En novembre 2014, les rapporteurs spéciaux sur la torture et sur les exécutions extrajudiciaires n’ont pas été autorisés à se rendre dans l’aile de haute sécurité de la prison Mile 2, où sont enfermés les condamnés à mort et les détenus purgeant de lourdes peines.
Peine de mort
Le 17 juillet, le président Jammeh a annoncé la reprise des exécutions. Il a annoncé son intention d’étendre l’application de la peine de mort à tous les cas où cette sentence est prescrite par la loi. Actuellement, une condamnation à mort ne peut être prononcée que lorsque l’usage de la violence ou de substance toxique a conduit à la mort. Pourtant, le président Jammeh avait annoncé en 2012 un moratoire conditionnel sur les exécutions.
Le 30 mars, un tribunal militaire a condamné trois soldats à mort et trois autres à la détention à perpétuité pour leur participation présumée à la tentative de coup d’État de décembre 2014. Le procès s’est déroulé à huis clos ; les médias et des observateurs indépendants se sont vu interdire d’y assister.
Répression fondée sur l’orientation sexuelle présumée
En octobre 2014, une loi introduisant des peines de réclusion à perpétuité pour « homosexualité aggravée » a été promulguée en Gambie. Le mois suivant, Amnesty International a recensé au moins huit cas de personnes arrêtées et torturées parce qu’elles étaient soupçonnées d’être homosexuelles.

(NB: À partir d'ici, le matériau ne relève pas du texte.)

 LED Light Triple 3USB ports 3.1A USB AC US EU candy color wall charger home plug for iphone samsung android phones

Non-respect des cadres internationaux de protection des droits humains
La Gambie n’a pas pris en compte les demandes de la communauté internationale en faveur d’une enquête conjointe indépendante sur les événements qui ont suivi le coup d’État, notamment la résolution adoptée par la Commission africaine des droits de l’homme et des peuples en février, sollicitant une invitation afin de mener une mission d’établissement des faits.
En avril, le gouvernement gambien a rejeté 78 des 171 recommandations formulées lors de l’Examen périodique universel (EPU) de l’ONU à Genève. Figuraient notamment des recommandations sur les restrictions injustifiées imposées au droit à la liberté d’expression, sur les disparitions forcées, la peine de mort et le recours à la torture visant à museler la dissidence.

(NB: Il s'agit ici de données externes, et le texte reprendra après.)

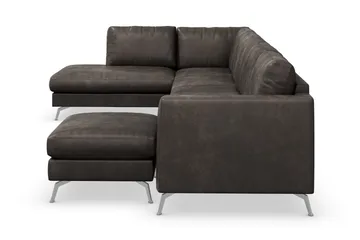 Ocean Lyx 6-sits Vänstervänd U-formad Soffa med Divan och Schäslong + Fotpall i Konstläder - Mörkgrå - Products - Möbler - Soffa - Divansoffa & schäslongsoffa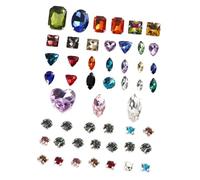 Beatifufu 50pcs Assorted Color Crystal Claw Rhinestones for Sewing, Water Drop Teardrop Glass Rhinestones with Silver Flat Base, Easy to Sew for DIY Garment and Color Assorted Style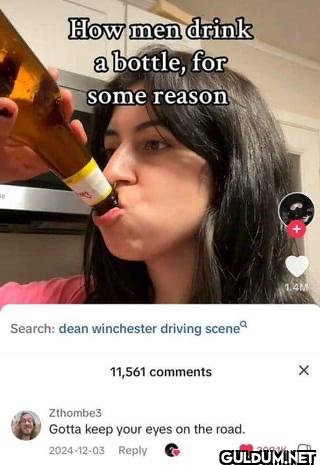 How men drink a bottle,...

Un changement très attendu
En raison de la situation politique et économique en Gambie, on constate une nette hausse du nombre de migrants qui entreprennent un voyage périlleux vers l’Europe. Selon un rapport de Frontex, en 2014, la Gambie comptait parmi les six premiers pays d’émigration illégale vers l’Europe par voie de mer, alors que sa population est l’une des moins nombreuses de la région.

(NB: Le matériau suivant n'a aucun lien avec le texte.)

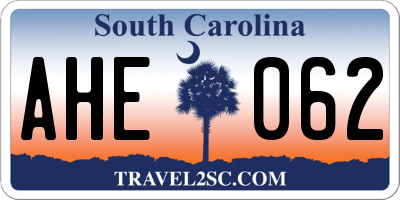 SC license plate AHE062
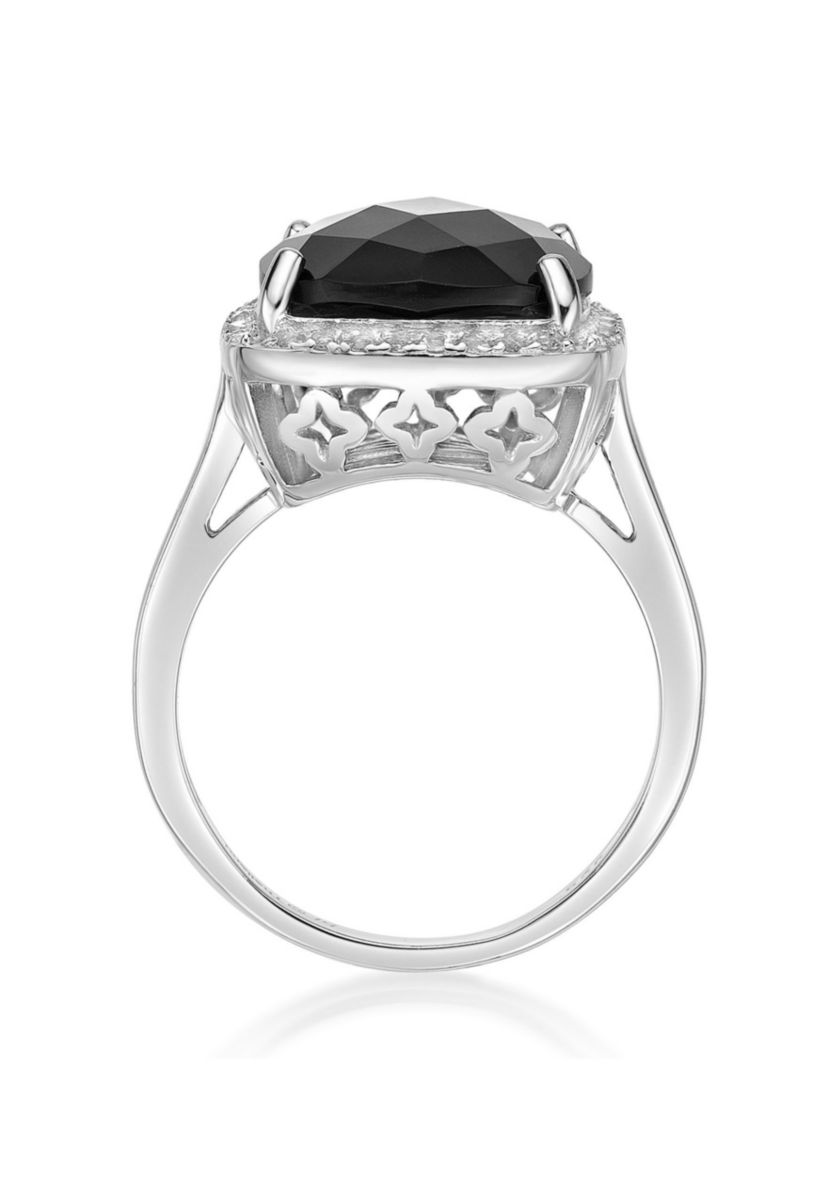 7 ct. t.w. Black Onyx and 1/3 ct. t.w. White Topaz Ring in Sterling Silver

L’organisation demande au gouvernement gambien de libérer toutes les personnes détenues illégalement, à moins qu’elles ne soient inculpées d’infractions pénales dûment définies par la loi et jugées dans le cadre de procès équitables, et de libérer tous les prisonniers d’opinion. Il doit également mettre fin à la torture et à la répression ciblant les défenseurs des droits humains et les journalistes.
« Après 21 ans de régime répressif, les violations des droits humains en Gambie se multiplient. La communauté internationale et la Communauté économique des États de l’Afrique de l’Ouest (CEDEAO) ont le devoir de se pencher sur le bilan désastreux du pays en termes de droits humains, en vue de protéger la population et de limiter l’instabilité dans la région », a déclaré Sabrina Mahtani.